# My Intro.



## Flying Anchor

Hello:
As my title says this is my introduction and first Hello. 
I have been planning on moving to a Latin America country for a number of years and have been doing a lot of reading about it. 
My plan is this,,, I am taking my Spanish students to Spain in February ish of 2020 and immediately there after moving to one of my choices in Latin America.
Ecuador top of the list
Panama second,
and a host of other countries like Guatamala, Nicaragua, Mexico, etc. 
I have been lightly bugging my wife about moving and she has shown no inclination to move UNTIL she came to a realization that this is my passion/strong desire/need.  She let slip in a conversation that WHEN we move south we will need certain things and she had been making a list.
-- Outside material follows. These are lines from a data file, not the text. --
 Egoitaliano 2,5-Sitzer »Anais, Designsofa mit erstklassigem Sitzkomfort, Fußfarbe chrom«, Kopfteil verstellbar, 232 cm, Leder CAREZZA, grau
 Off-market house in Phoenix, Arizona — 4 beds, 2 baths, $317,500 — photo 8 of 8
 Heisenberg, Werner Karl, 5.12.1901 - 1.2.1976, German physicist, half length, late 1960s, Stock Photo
I love her. woo woo.
So hello and forgive my long first post and I look forward to being active here with many posts and questions. 

Steven


----------



## Asian Spirit

Flying Anchor said:


> Hello:
> As my title says this is my introduction and first Hello.
> I have been planning on moving to a Latin America country for a number of years and have been doing a lot of reading about it.
> My plan is this,,, I am taking my Spanish students to Spain in February ish of 2020 and immediately there after moving to one of my choices in Latin America.
> Ecuador top of the list
> Panama second,
> and a host of other countries like Guatamala, Nicaragua, Mexico, etc.
> I have been lightly bugging my wife about moving and she has shown no inclination to move UNTIL she came to a realization that this is my passion/strong desire/need.  She let slip in a conversation that WHEN we move south we will need certain things and she had been making a list. I love her. woo woo.
> So hello and forgive my long first post and I look forward to being active here with many posts and questions.
> 
> Steven


Good Morning Steven And Welcome,

Sounds like you have a good plan even if it's not to Asia... Moving to a different country is a challenge to say the least. When married though, the best way to help convince the wife is usually to do a projected cost of living comparison. The financial end will usually be enough to make your point on the "need" to move. There are different sites that give a current cost comparison including This One.
For an example, I've been living here in the Philippines for 14 years and the cost of living in our area is less than 1/3 of even the lowest cost of living state back home. When you income becomes more or less fixed at retirement age, the cost of everything really starts to matter.
Very best of luck on the move and choice of countries.

Jet Lag


----------



## Flying Anchor

True Jet Lag, I have been all over the world while in the Navy and used to live in 
Spain and have visited some south American countries. I love Chile but the cost of living is a little high. My wife just retired and I expect to retire in June of 2020 after school gets out. My wife has done the math and agrees that being an expat is a viable option and is certainly willing to follow me to my dreams. 

Steven


----------



## Ethunhunt75

*Migration to Latin America*

Hi my name is Asim and I'm also planning to move to one of the Latin American countries but still confused between three which Ecuador, Peru and Mexico have been trying to get the information as much as posssible cause Im a business man and would like to look for two important factors school and which business to start as im a IT guy as well as can start and manage any business having 22 years experience so also looking for advises from our expat community in these regions.Hope somebody can put some light. Thanks,


----------